### Excerpted records

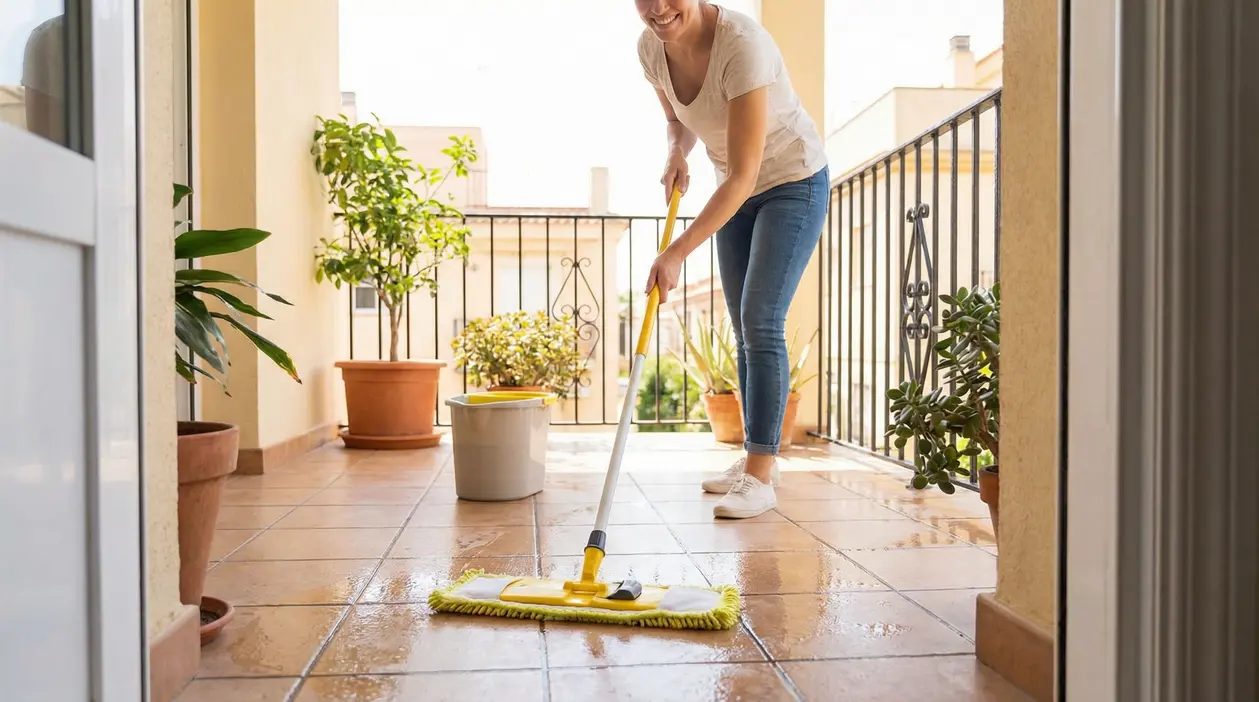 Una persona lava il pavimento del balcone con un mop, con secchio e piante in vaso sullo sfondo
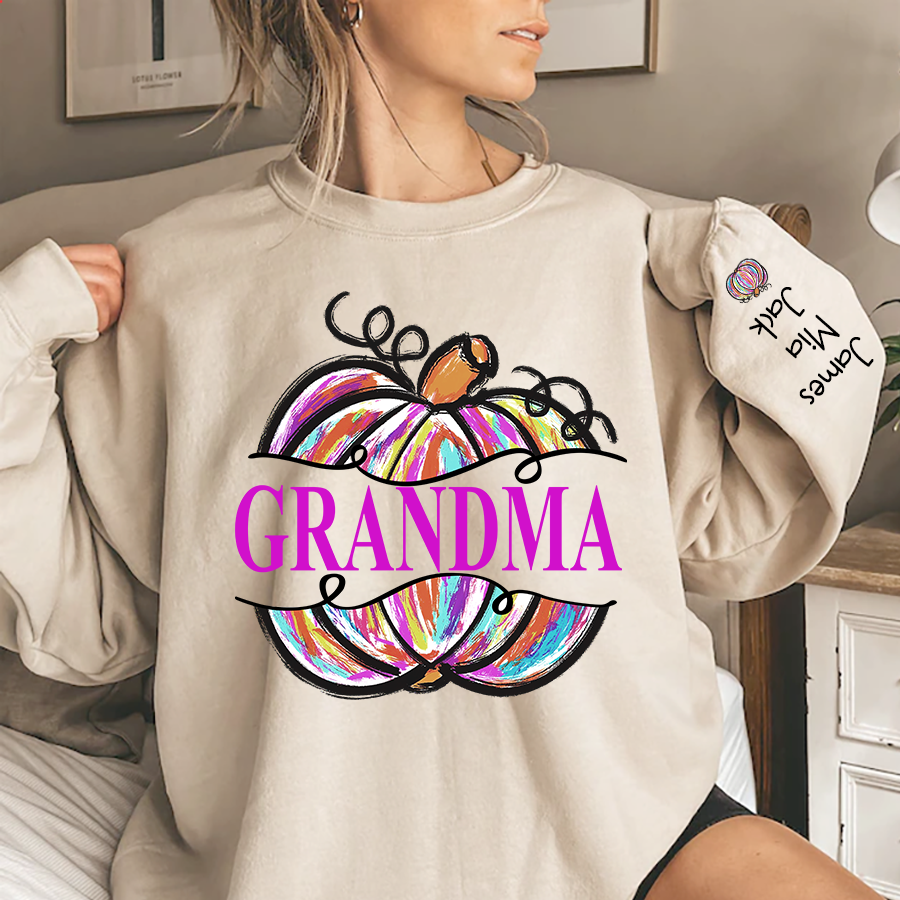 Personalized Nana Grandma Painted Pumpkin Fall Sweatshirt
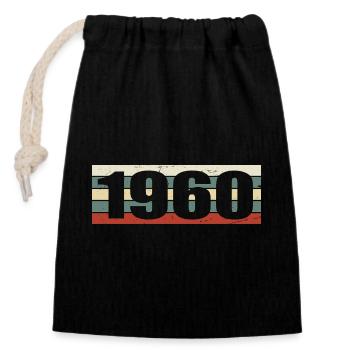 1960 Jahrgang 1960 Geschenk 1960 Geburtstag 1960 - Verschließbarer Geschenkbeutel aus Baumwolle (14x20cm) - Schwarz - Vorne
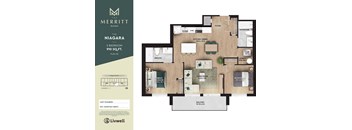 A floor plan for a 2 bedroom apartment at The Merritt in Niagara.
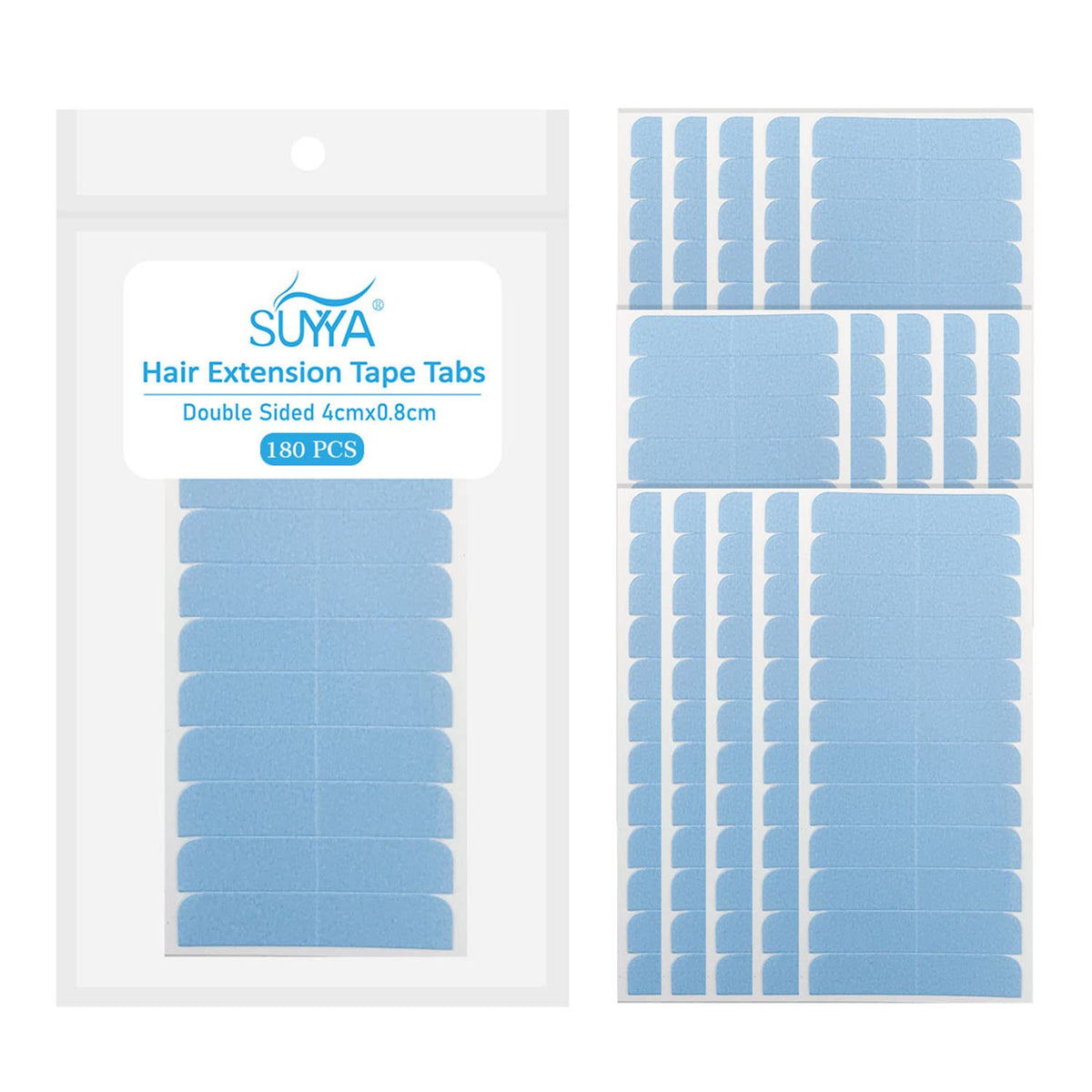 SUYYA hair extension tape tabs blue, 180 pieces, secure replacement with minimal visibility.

* * *

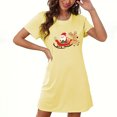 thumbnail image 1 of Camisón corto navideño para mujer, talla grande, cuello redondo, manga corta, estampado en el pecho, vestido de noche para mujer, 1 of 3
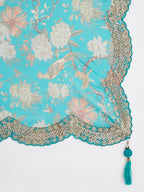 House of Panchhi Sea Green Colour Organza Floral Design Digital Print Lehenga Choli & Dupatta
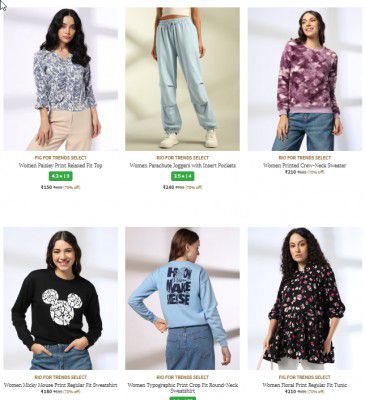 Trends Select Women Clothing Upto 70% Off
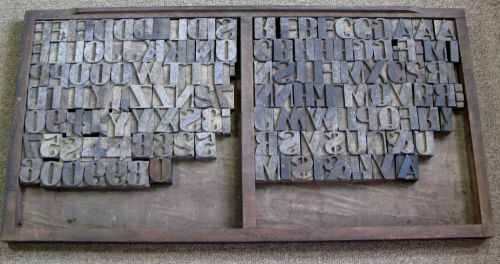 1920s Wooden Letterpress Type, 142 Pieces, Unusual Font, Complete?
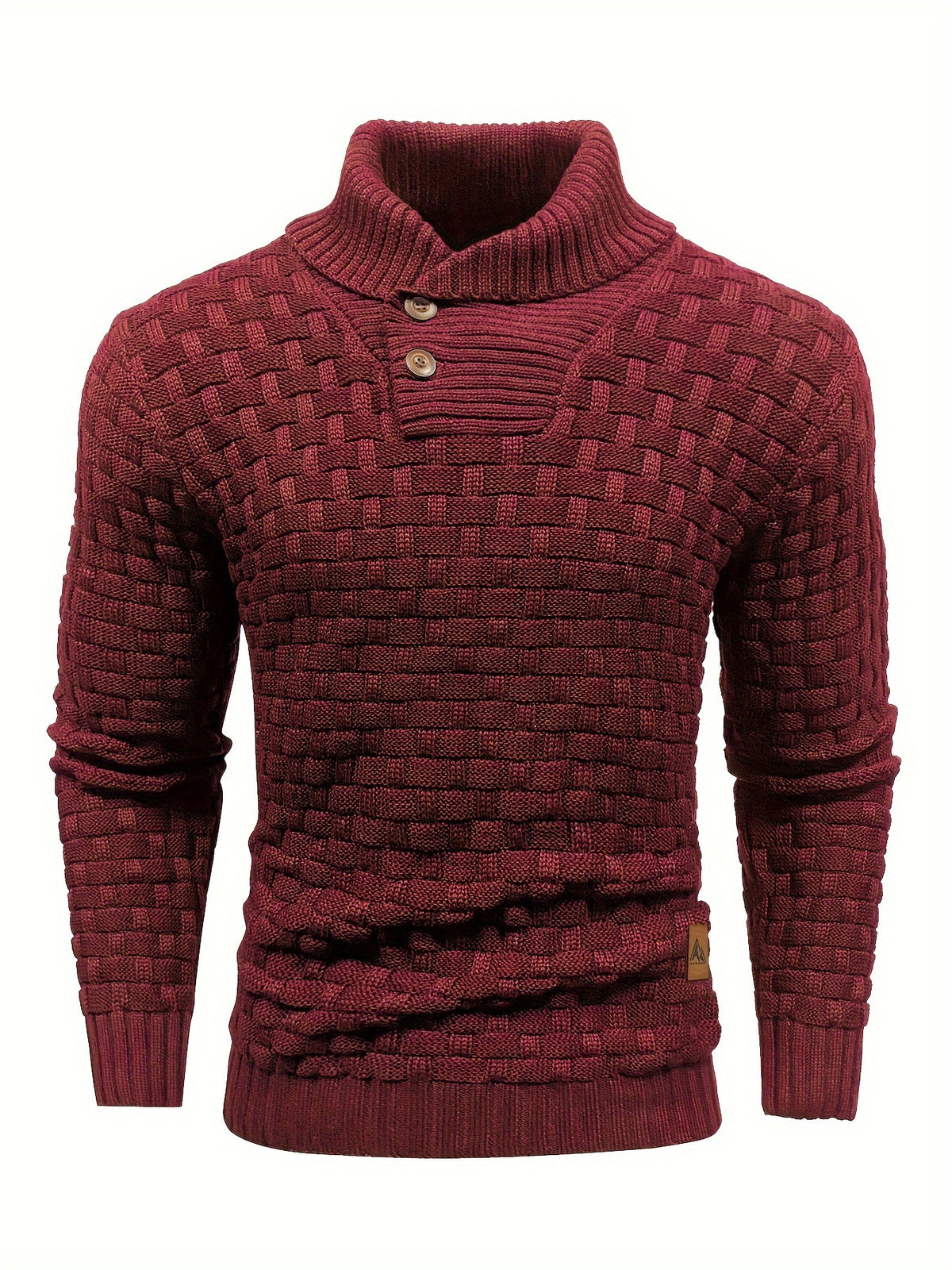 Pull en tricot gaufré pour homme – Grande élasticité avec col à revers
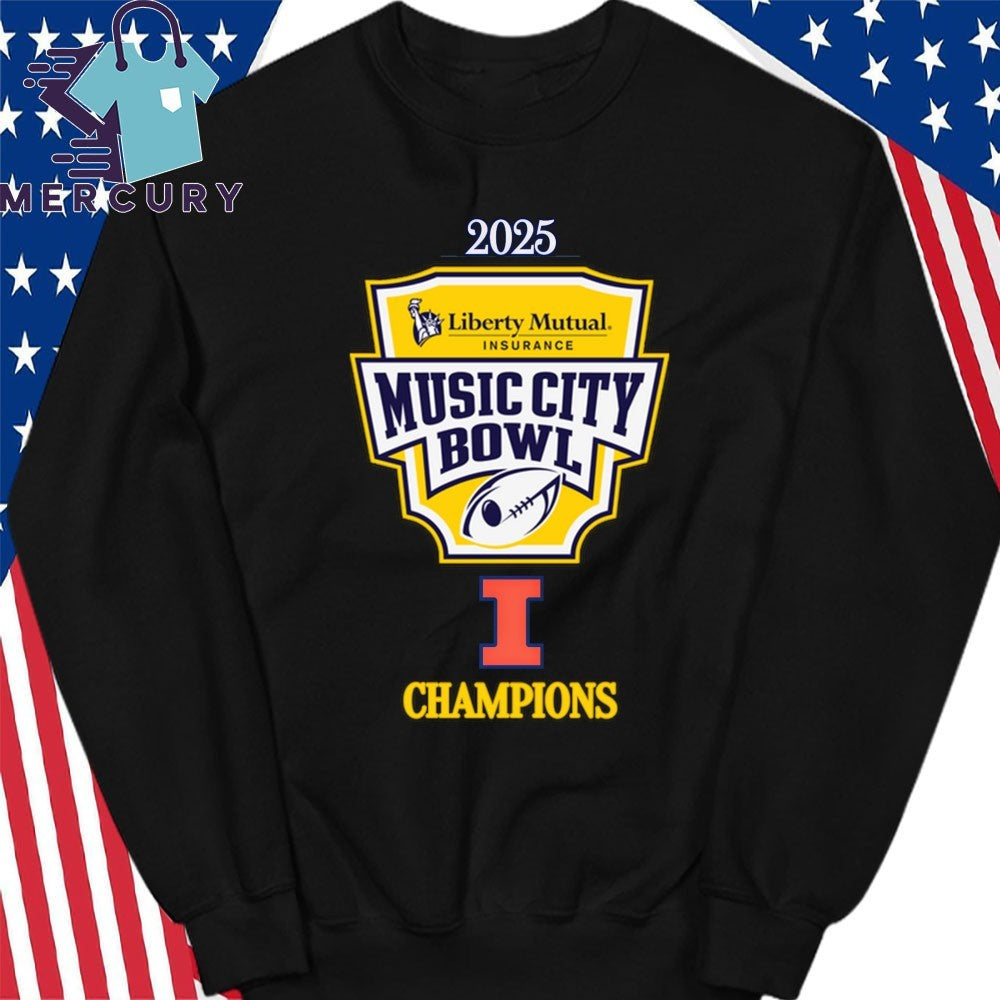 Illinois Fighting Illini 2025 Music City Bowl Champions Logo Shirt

...

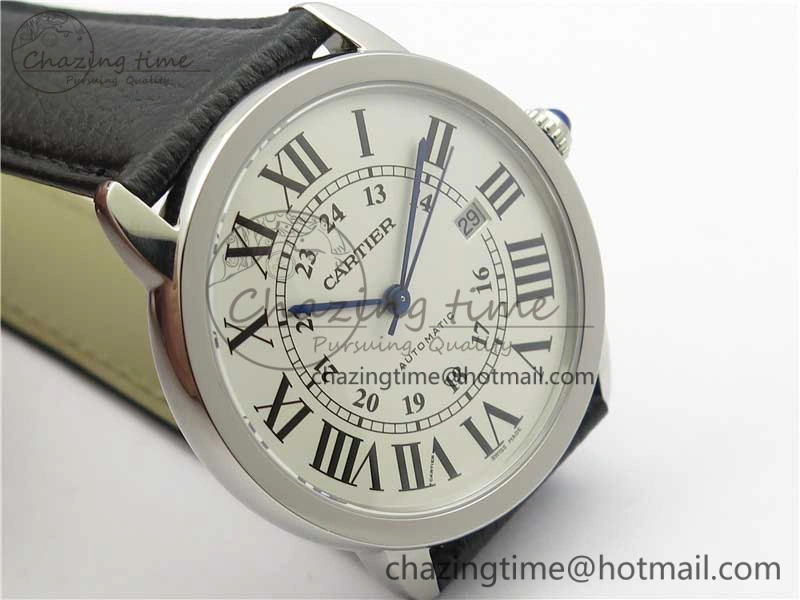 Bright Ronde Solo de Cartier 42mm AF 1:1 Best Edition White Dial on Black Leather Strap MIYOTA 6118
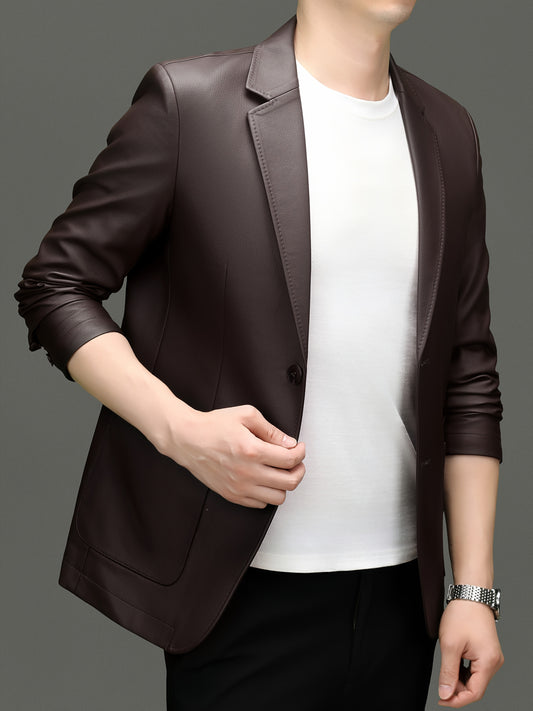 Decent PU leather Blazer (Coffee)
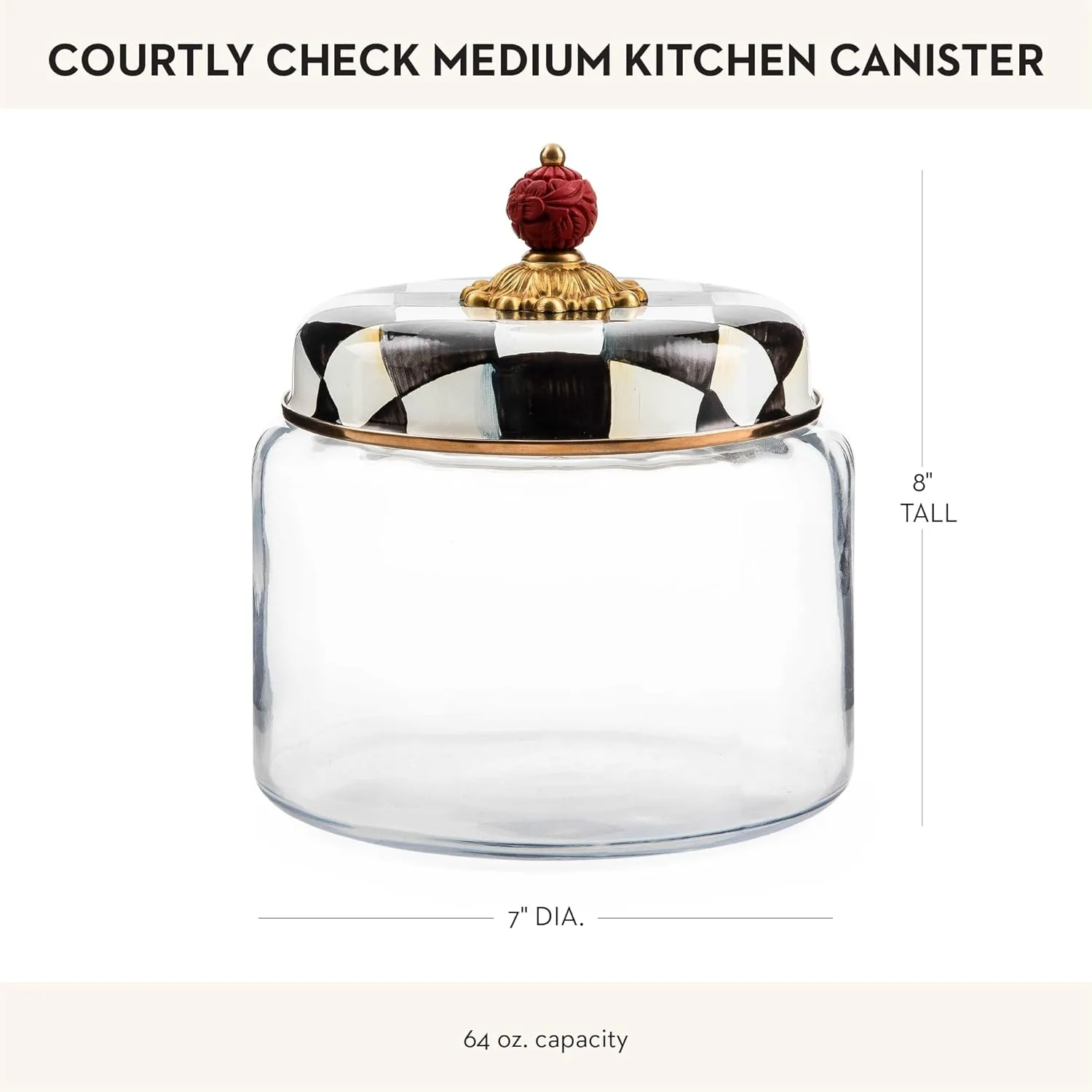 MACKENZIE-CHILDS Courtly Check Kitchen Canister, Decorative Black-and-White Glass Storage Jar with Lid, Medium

### Work order
From the line with "thumbnail image 1" up to and including the line with "Illinois Fighting Illini" above, retype every line exactly and nothing more; leave out the pictures.

### Task response
 thumbnail image 1 of Camisón corto navideño para mujer, talla grande, cuello redondo, manga corta, estampado en el pecho, vestido de noche para mujer, 1 of 3
 House of Panchhi Sea Green Colour Organza Floral Design Digital Print Lehenga Choli & Dupatta
 Trends Select Women Clothing Upto 70% Off
 1920s Wooden Letterpress Type, 142 Pieces, Unusual Font, Complete?
 Pull en tricot gaufré pour homme – Grande élasticité avec col à revers
 Illinois Fighting Illini 2025 Music City Bowl Champions Logo Shirt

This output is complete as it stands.